▸ DIRECTIONS:
Starting at the line that contains "House in Maidstone, Harrietsham - More", write out each line exactly through the last one in the material below, and nothing more; omit all pictures.

▸ THE DATA:
——
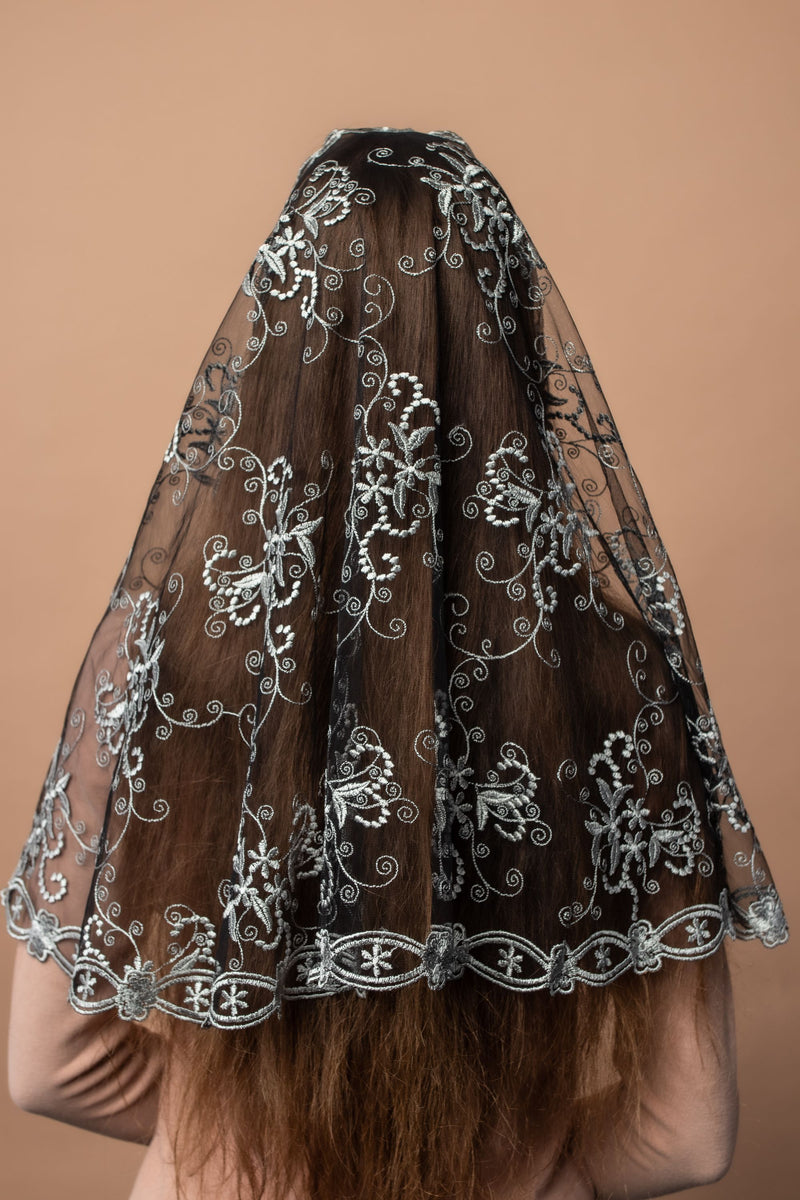 Grey lace chapel veil - MariaVeils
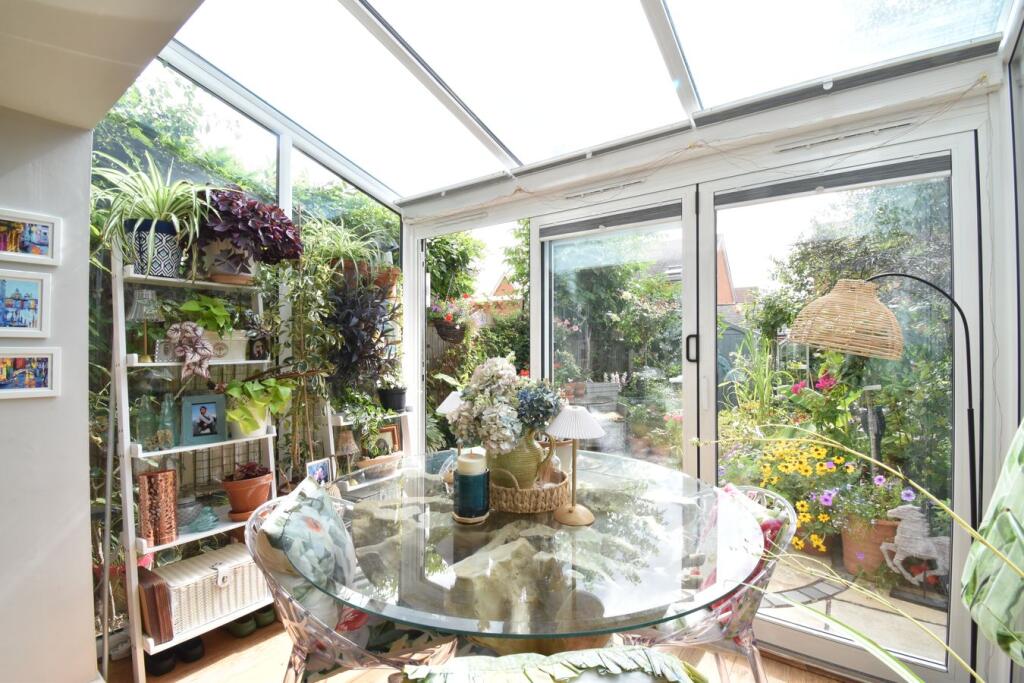House in Maidstone, Harrietsham - More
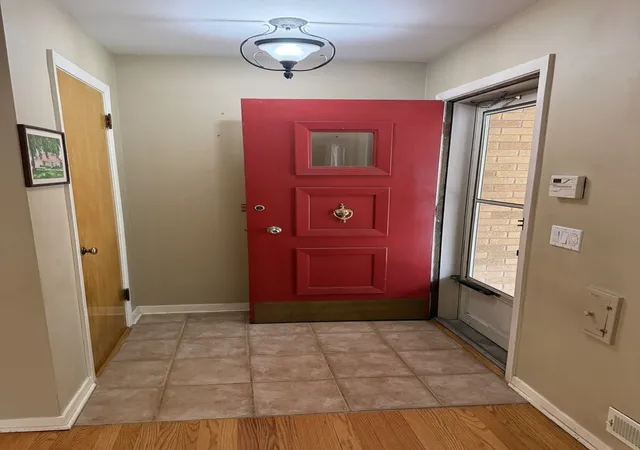 Photo 4 of Single family home for sale at 435 S Stratford Ave, Elmhurst, IL 60126 | MLS# 12719614 | Listing updated on 2026-09-24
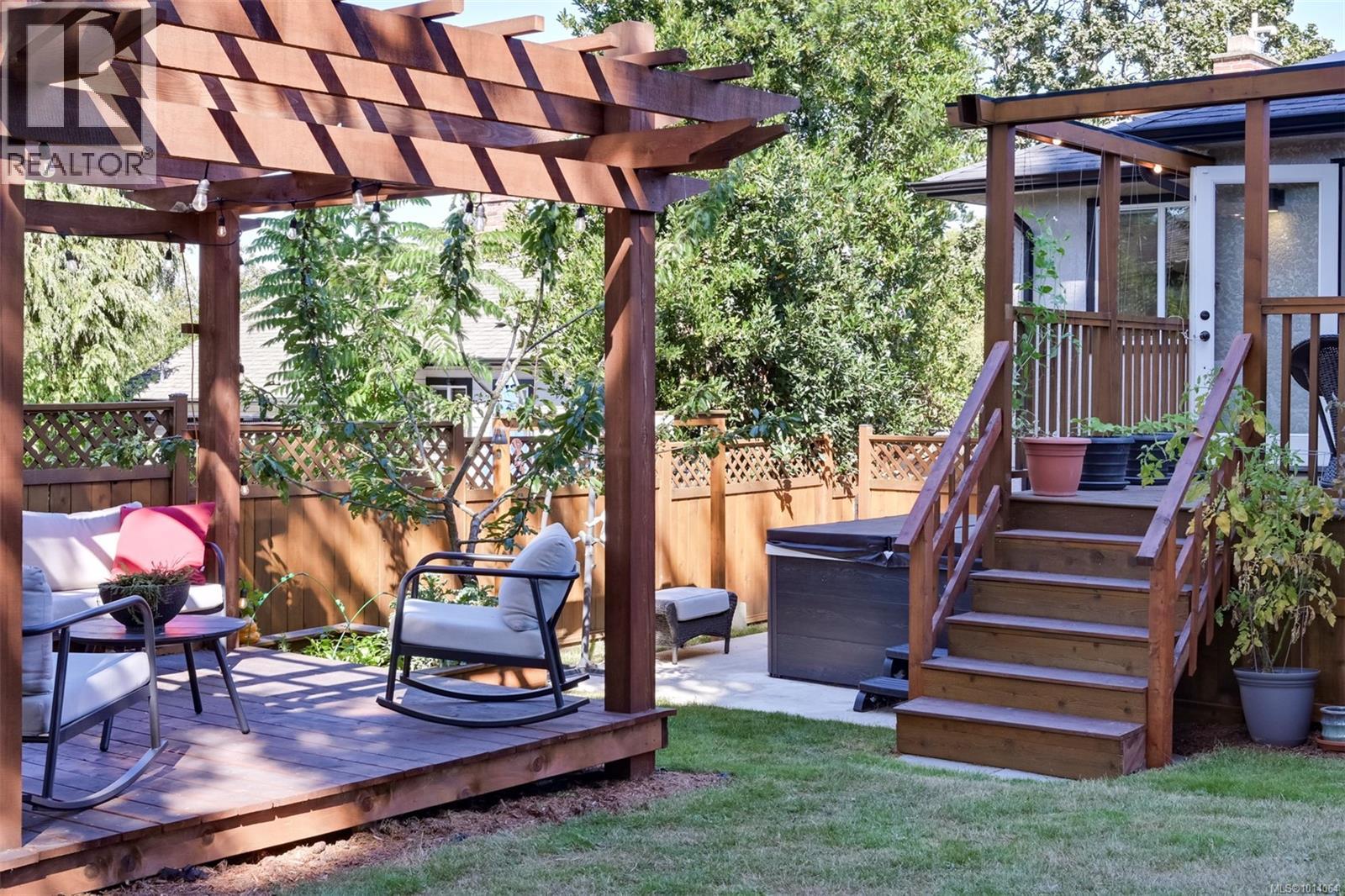  815 Leslie Drive, Saanich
——
▸ EXERCISE ANSWER:
House in Maidstone, Harrietsham - More
 Photo 4 of Single family home for sale at 435 S Stratford Ave, Elmhurst, IL 60126 | MLS# 12719614 | Listing updated on 2026-09-24
  815 Leslie Drive, Saanich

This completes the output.